Wednesday, March 19, 2008

Barack's Big Play

Football is America's pastime. The money that professional football, with a 16 game regular season, generates from tv is double the combined money made by baseball (162 game season), basketball (82 games) and hockey (who knows). Here in the South, college football may be the single most powerful social activity.

And do you know what makes a player a star in football? The ability to make "the big play" in "crunch time." That is, the ability to recapture lost momentum. The player who can force the ball into the end zone when all the opposing players know he's coming. The player who somehow comes down with an airborne ball in an endzone melee. The player who gathers his teammates in the huddle and leads them out of looming defeat to victory.

These are the rare individuals that teams, coaches, players, and fans want on their team. These are the players who inspire us with the results of applying years of hard work to improve a talent that God gave them.

Yesterday Barack Obama made a big play.

For weeks he has been mired in the muck of political mud thrown at him. Is he a Muslim? Will he end the war? Is he unpatriotic? Is he naive? Is he qualified to be Commander in Chief? Does he refuse to pledge allegience to the flag? Is his pastor an America hating, anti-white racist?

Barack had been bogged down trying to explain away or refute these so called issues. That, of course, is the plan of his opponents. When he is talking about being a Christian or answering the phone at 3:00 am, that means that he is not articulating his vision for America's future. His time is tied up chasing red herrings, instead of inspiring crowds of Americans hungry for hope and vision and a plan for a better future.

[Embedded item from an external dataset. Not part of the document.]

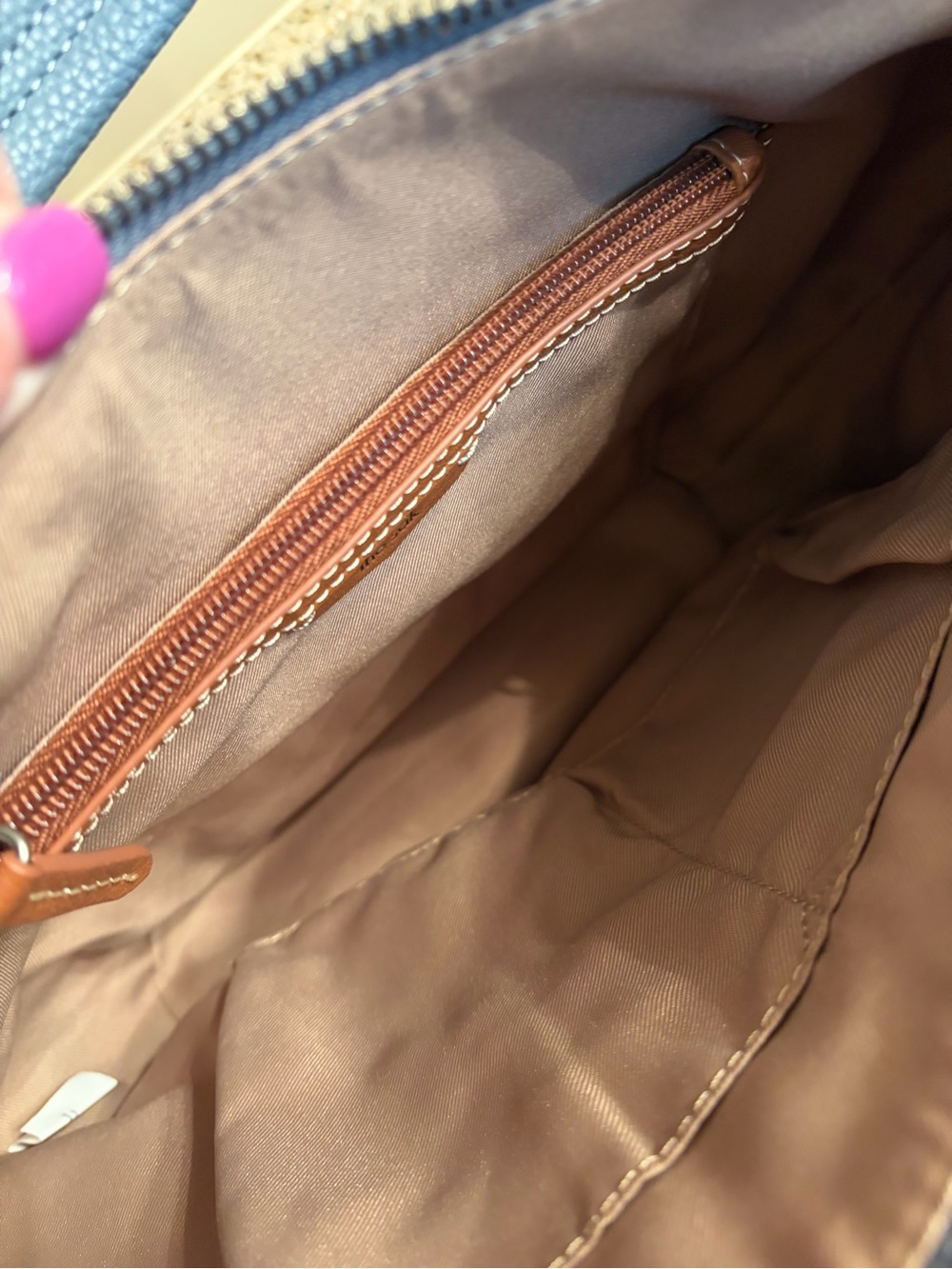 The Sak Sequoia Leather Hobo Shoulder Bag- Large slouchy bag and lightweight - Picture 15 of 16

The press is complicit. In their laziness and gossip mongering, reporters and interviewers allow any random mud thrown to become the story. Rush Limbaugh has a very good point when he talks about "drive-by journalism." All many reporters feel the need to do is report that another news source is reporting something, and repeat the story without independently checking it for truth. This is what happened to John Kerry with the swift boat story. All the President's Men it is not.

But with yesterday's speech, Barack made the big play, shook off much of the muck of guilt by association being heaped upon him, and regained his own momentum and his own direction. That's the kind of player we want leading our team. He is back on track. He not only gave a great speach, but he showed that he is the real deal. No whines, no fake apologies. Just a deep understanding of the facts and an intelligible and true explanation of those facts with a perspective on how to deal with them.

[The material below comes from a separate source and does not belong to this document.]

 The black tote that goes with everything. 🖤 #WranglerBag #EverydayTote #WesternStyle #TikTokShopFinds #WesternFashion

He reminded me of an oft-quoted Kipling poem that I will repeat here.

If you can keep your head when all about you
Are losing theirs and blaming it on you;
If you can trust yourself when all men doubt you,
But make allowance for their doubting too:
If you can wait and not be tired by waiting,
Or, being lied about, don't deal in lies,
Or being hated don't give way to hating,
And yet don't look too good, nor talk too wise;
If you can dream -- and not make dreams your master;
If you can think -- and not make thoughts your aim,
If you can meet with Triumph and Disaster
And treat those two impostors just the same:
If you can bear to hear the truth you've spoken
Twisted by knaves to make a trap for fools,
Or watch the things you gave your life to, broken,
And stoop and build 'em up with worn-out tools;
If you can make one heap of all your winnings
And risk it on one turn of pitch-and-toss,
And lose, and start again at your beginnings,
And never breathe a word about your loss:
If you can force your heart and nerve and sinew
To serve your turn long after they are gone,
And so hold on when there is nothing in you
Except the Will which says to them: "Hold on!"
If you can talk with crowds and keep your virtue,
Or walk with Kings -- nor lose the common touch,
If neither foes nor loving friends can hurt you,
If all men count with you, but none too much:
If you can fill the unforgiving minute
With sixty seconds' worth of distance run,
Yours is the Earth and everything that's in it,
And -- which is more -- you'll be a Man, my son!